The CTA’s appeal comes on the 33rd birth anniversary of Gedhun Choekyi Nyima, who was recognised by the Dalai Lama as the reincarnation of the 10th Panchen Lama when he was six-year-old. In a statement issued from here, the CTA said it intends to send a strong message to Beijing that the world has not forgotten about Nyima despite China’s efforts to erase him from history.
“We call upon the Chinese government to rightfully allow the Panchen Lama and his family to live a free life they are entitled to under the international laws and treaties that China is obligated to,” the CTA, which is unofficially known as Tibetan government-in-exile, said in a statement issued from its headquarters here. On 14 May 1995, His Holiness the Dalai Lama endorsed Nyima as the 11th incarnation of the Panchen Lama.
However, China did not recognise his reincarnation and on 11 November 1995, it announced Gyaltsen Norbu, the son of a Communist Party member as the Panchen Lama, the second-highest spiritual title in Tibetan Buddhism, the CTA said in the statement. Following this, the UN Working Group on Enforced or Involuntary Disappearances expressed concerns about the whereabouts of the Panchen Lama and urged China to provide information on the case, it said.
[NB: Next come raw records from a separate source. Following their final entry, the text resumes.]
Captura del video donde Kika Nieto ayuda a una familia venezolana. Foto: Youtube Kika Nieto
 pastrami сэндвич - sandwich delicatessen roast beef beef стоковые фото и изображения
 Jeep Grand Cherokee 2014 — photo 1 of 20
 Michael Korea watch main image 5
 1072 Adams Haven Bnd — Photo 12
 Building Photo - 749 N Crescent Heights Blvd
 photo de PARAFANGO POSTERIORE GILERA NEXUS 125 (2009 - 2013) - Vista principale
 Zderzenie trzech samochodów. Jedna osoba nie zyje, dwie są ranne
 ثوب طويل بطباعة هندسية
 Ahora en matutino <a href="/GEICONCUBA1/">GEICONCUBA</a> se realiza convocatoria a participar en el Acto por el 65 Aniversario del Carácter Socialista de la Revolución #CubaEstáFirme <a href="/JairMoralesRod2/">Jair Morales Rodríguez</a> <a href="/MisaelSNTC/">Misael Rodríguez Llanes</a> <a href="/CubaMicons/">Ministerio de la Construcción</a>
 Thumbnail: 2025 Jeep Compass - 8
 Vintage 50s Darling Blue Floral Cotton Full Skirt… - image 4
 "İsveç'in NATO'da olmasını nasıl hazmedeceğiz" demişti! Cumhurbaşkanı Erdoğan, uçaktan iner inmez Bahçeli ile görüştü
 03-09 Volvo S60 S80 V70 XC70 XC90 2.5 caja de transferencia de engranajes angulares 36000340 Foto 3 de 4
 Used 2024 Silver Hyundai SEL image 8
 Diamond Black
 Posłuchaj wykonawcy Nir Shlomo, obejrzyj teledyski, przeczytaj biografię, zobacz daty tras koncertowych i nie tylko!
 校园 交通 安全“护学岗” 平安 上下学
Since then, a number of human rights bodies, including the UN Committee against Torture, the UN Committee on the Rights of the Child, as well as Special Reporter on Freedom of Religion or Belief, have urged the Chinese government to make Panchen Lama’s whereabouts known to the world, the statement said. However, China has claimed that “the Panchen Lama is an ordinary citizen, living a perfectly normal life and does not wish to be disturbed”, according to the CTA statement.
Therefore, the Panchen Lama’s case continues to remain one of the longest cases of enforced disappearance in the world, it added. The Tibetan government-in-exile appeals to the United Nations High Commissioner for Human Rights to press China to release information about the current status and whereabouts of the Panchen Lama and his family, the statement said.